▸ Your assignment
Below are some entries. Transcribe the lines from the one holding "Set the fence" to the one holding "A chain block may", inclusive, but not the pictures among them.

▸ Supplied records
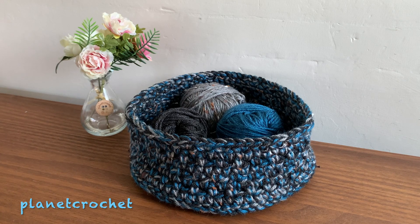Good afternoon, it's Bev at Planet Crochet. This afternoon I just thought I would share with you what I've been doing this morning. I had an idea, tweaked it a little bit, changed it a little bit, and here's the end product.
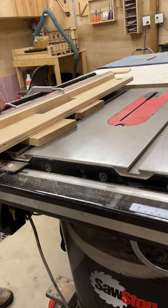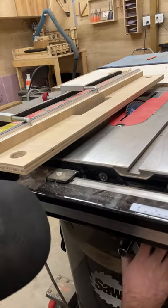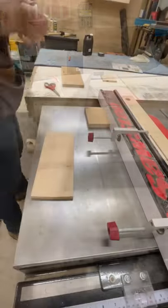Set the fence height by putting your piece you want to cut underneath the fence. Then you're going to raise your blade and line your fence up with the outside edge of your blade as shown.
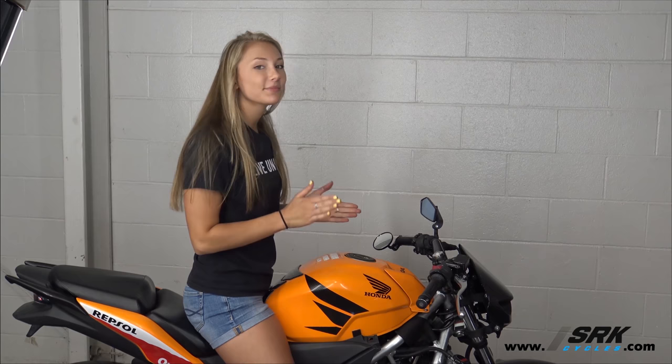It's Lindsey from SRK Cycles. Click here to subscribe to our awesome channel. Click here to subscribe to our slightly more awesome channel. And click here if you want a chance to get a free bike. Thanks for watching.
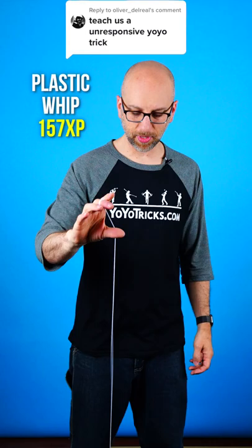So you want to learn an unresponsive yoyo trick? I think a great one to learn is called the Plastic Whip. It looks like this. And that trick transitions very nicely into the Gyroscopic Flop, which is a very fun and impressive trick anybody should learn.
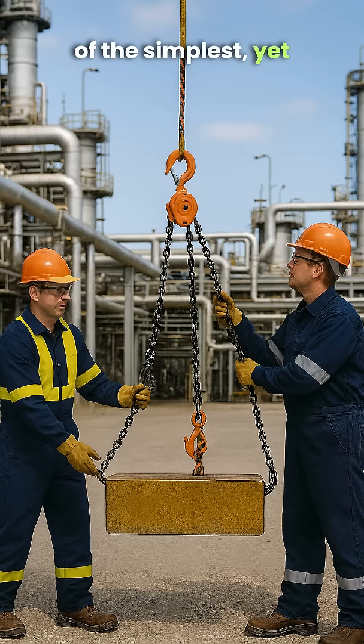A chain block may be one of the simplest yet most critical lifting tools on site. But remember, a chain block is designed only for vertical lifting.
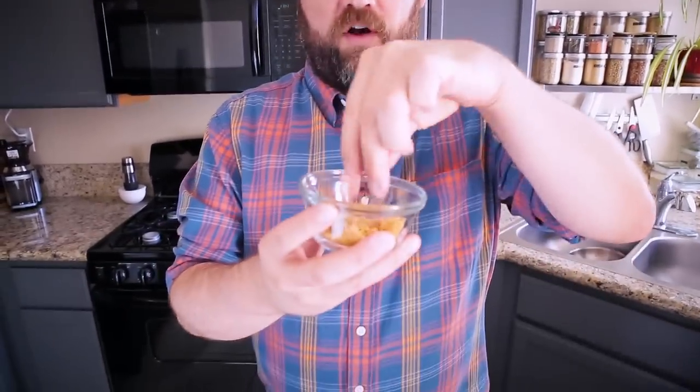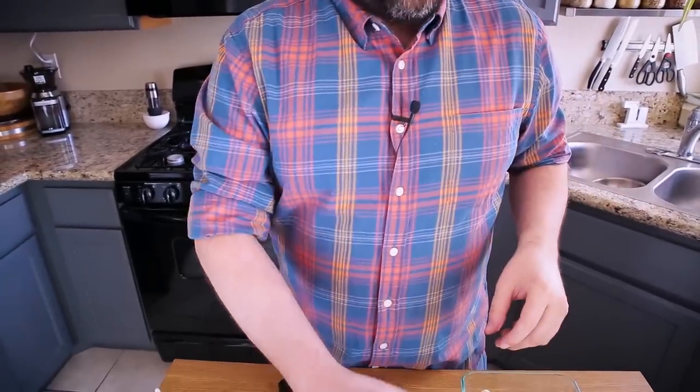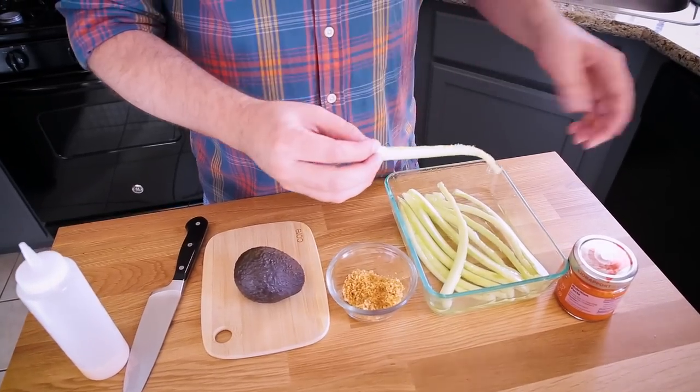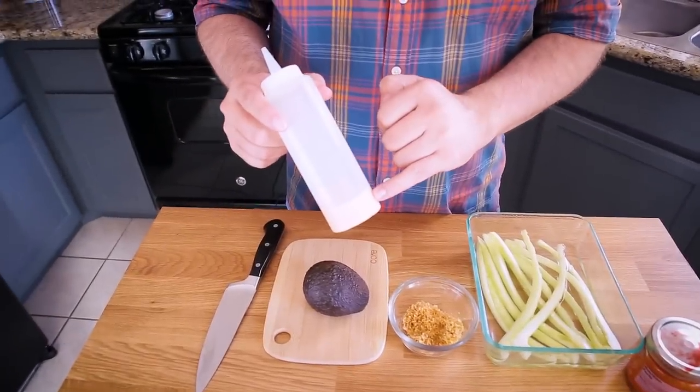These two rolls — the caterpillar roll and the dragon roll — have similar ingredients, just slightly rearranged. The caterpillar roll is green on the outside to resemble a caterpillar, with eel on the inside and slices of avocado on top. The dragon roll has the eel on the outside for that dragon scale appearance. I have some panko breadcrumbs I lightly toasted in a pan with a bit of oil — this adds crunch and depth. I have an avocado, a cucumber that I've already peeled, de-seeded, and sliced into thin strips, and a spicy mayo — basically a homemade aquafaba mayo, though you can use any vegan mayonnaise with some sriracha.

▸ Answer to the problem
Set the fence height by putting your piece you want to cut underneath the fence. Then you're going to raise your blade and line your fence up with the outside edge of your blade as shown.
It's Lindsey from SRK Cycles. Click here to subscribe to our awesome channel. Click here to subscribe to our slightly more awesome channel. And click here if you want a chance to get a free bike. Thanks for watching.
So you want to learn an unresponsive yoyo trick? I think a great one to learn is called the Plastic Whip. It looks like this. And that trick transitions very nicely into the Gyroscopic Flop, which is a very fun and impressive trick anybody should learn.
A chain block may be one of the simplest yet most critical lifting tools on site. But remember, a chain block is designed only for vertical lifting.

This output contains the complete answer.